Entering into the data platform space with a lot of experience in more
traditional production operations is a lot of fun, especially when you ask
questions like “what if
X goes horribly wrong?” My favorite scenario to
consider is: “how much damage could one accidentally cause with our existing
policies and controls?” At Scribd we have made
Delta Lake a cornerstone of our data platform, and as such
I’ve spent a lot of time thinking about what could go wrong and how we would
defend against it.
To start I recommend reading this recent post from Databricks: Attack of the
which provides a good overview of the
CLONE operation in Delta and some
patterns for “undoing” mistaken operations. Their blog post does a fantastic
job demonstrating the power ot clones in Delta Lake, for example:
-- Creating a new cloned table from loan_details_delta CREATE OR REPLACE TABLE loan_details_delta_clone DEEP CLONE loan_details_delta; -- Original view of data SELECT addr_state, funded_amnt FROM loan_details_delta GROUP BY addr_state, funded_amnt -- Clone view of data SELECT addr_state, funded_amnt FROM loan_details_delta_clone GROUP BY addr_state, funded_amnt
For my disaster recovery needs, the clone-based approach is insufficient as I detailed in this post on the delta-users mailing list:
Our requirements are basically to prevent catastrophic loss of business critical data via:
- Erroneous rewriting of data by an automated job
- Inadvertent table drops through metastore automation.

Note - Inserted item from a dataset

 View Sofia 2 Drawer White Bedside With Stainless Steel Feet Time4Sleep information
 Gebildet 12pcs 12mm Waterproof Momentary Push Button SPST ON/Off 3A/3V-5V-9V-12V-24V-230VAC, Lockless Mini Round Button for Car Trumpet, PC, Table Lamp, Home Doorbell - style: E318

- Overaggressive use of VACUUM command
- Failed manual sync/cleanup operations by Data Engineering staff
It’s important to consider whether you’re worried about the transaction log getting corrupted, files in storage (e.g. ADLS) disappearing, or both.
Generally speaking, I’m less concerned about malicious actors so much as incompetent ones. It is far more likely that a member of the team accidentally deletes data, than somebody kicking in a few layers of cloud-based security and deleting it for us.
My preference is to work at a layer below Delta Lake to provide disaster
recovery mechanisms, in essence at the object store layer (S3). Relying strictly
CLONE gets you copies of data which can definitely be beneficial but the
downside is that whatever is running the query has access to both the “source”
and the “backup” data.
The concern is that if some mistake was able to delete my source data, there’s nothing actually standing in its way of deleting the backup data as well.
In my mailing list post, I posited a potential solution:
For example, with a simple nightly rclone(.org) based snapshot of an S3 bucket, the “restore” might mean copying the transction log and new parquet files back to the originating S3 bucket and losing up to 24 hours of data, since the transaction logs would basically be rewound to the last backup point.
Since that email we have deployed our Delta Lake backup solution, which operates strictly at an S3 layer and allows us to impose hard walls (IAM) between writers of the source and backup data.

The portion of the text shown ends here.